Sustainability Futures Field Trip, Amsterdam
Futures Field Trip for group of Lithuanian educators and sustainability professionals together with Agenda50
An immersive learning journey in sustainability, urban transformation, and futures thinking
Challenge
Sustainability is no longer a single discipline. It’s a moving landscape of policy shifts, circular experiments, infrastructure choices, cultural values, and new forms of collaboration. For many professionals, the hard part is not “knowing the agenda”, but seeing how change actually plays out on the ground, and how different actors make trade-offs in real time.
This Futures Field Trip was designed as part of a broader Sustainability Futures learning journey, giving participants a chance to experience Amsterdam as a living laboratory where experimentation and forward-looking policy meet everyday life.
Approach
We curated a three-day, multi-stakeholder program combining site visits, expert conversations, reflection, and futures-driven tools.

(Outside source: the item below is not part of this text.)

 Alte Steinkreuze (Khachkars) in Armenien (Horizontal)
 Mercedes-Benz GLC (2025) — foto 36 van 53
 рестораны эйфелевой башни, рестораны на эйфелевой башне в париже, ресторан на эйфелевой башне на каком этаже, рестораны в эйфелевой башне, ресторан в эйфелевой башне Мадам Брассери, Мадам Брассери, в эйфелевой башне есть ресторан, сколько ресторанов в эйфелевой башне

Participants explored themes spanning urbanism, community, regeneration, mobility, circularity, governance, participation, wellbeing, and resilience, using the city as a lens for understanding systemic change.

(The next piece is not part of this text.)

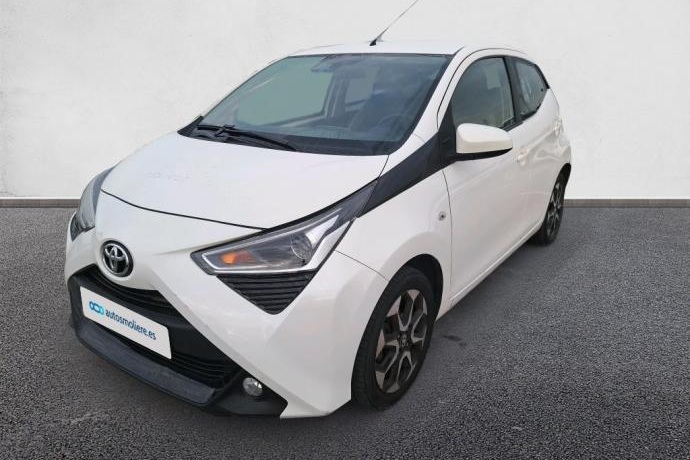 TOYOTA AYGO 1.0 70 x-play 53 kW (72 CV)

A key feature of the trip was the use of Futures Field Notes, handed out at the start to support observation, note-taking, and translation of insights into participants’ own contexts.
Program highlights
Day 1: Agencies, systems work, and speculative practice
Kick-off breakfast and framing of the learning goals, including distribution of signal books.

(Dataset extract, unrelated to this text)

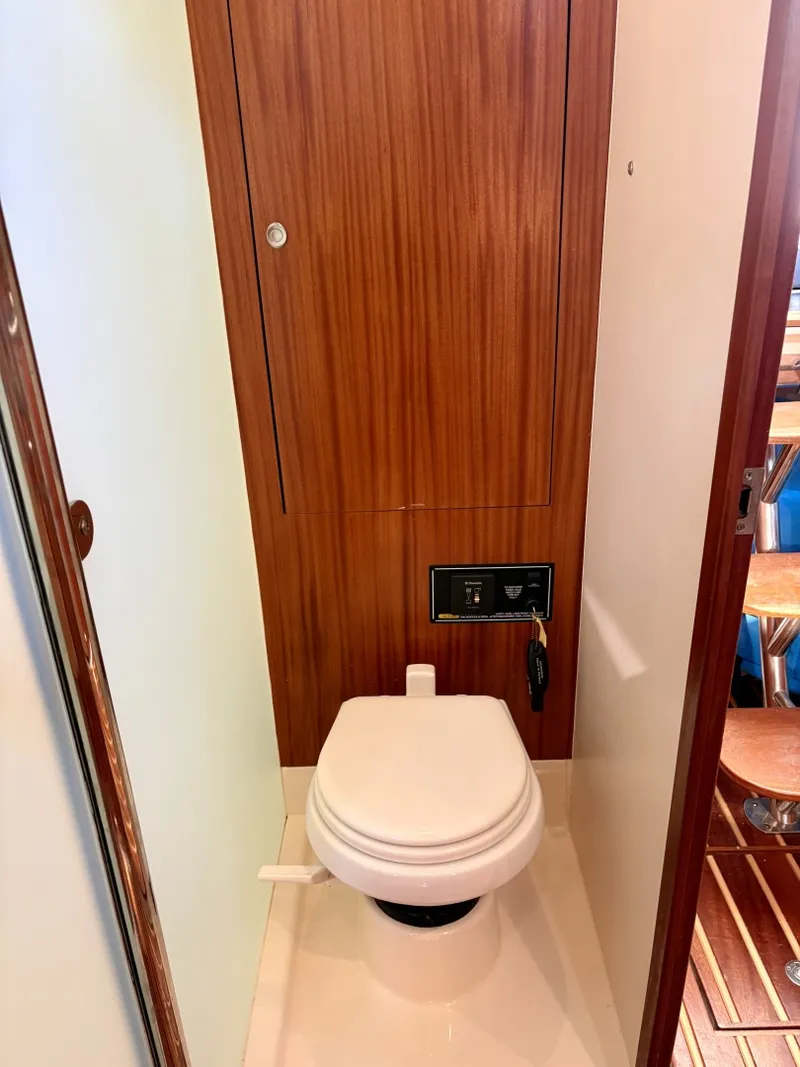 Slide: The Image of Pursuit 38 SALTY SUSEA - Head - 6064765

A Speculative Futures Workshop hosted by Alba Tiley (Sustainable Link & Co) and Monique Mulder (Mattmo Creative).
Lunch dialogue with futurists Karolina Thakker (Happy Futures Lab) and Julieta Matos-Castaño (Futures Compass).
Afternoon visit to Haarlem, with an optional stop at Teyler’s Museum, followed by a session with Luca Gatti (CHORA Foundation).
Day 2: How large organizations work with sustainability, innovation, and circularity
Visit to Heineken with Alexander Cramwinckel (Global Sustainability & Circularity Manager), focused on strategic initiatives and long-term thinking.
Academic and governance perspectives with Philipp Pattberg (Amsterdam Sustainability Institute, Vrije Universiteit).
Innovation and implementation perspectives with Kristina Palovicova (Transavia).
Built-in free time for participants to explore, reflect, and connect dots across visits.
Day 3: Transition management and global foresight
Breakfast session with Daan Sillen (RVO – Netherlands Enterprise Agency) on transition management and sustainability from a government perspective.
An online session with Paul Epping (Xpotential; Millennium Project Netherlands Node) exploring global foresight and long-term thinking.
Wrap-up and departure after lunch.
Throughout the trip, participants were guided by a set of reflection questions, including how they define sustainability in their own context, what they are most curious to learn, and how to translate observations into practice back home.
Outcomes
1) A grounded view of sustainability in practice
Participants experienced how sustainability work differs across agencies, foundations, corporates, academia, and government — and how those differences shape what becomes possible.
2) New signals, new questions, sharper judgement
The signal books and reflection prompts helped participants capture emerging practices, notice tensions, and turn observations into better questions they can bring into strategy, policy, and innovation work.
3) Actionable inspiration, instead of just exposure
The trip was designed to bridge insight and application: to help participants connect what they saw in Amsterdam to their own roles, whether in business, academia, or the public sector.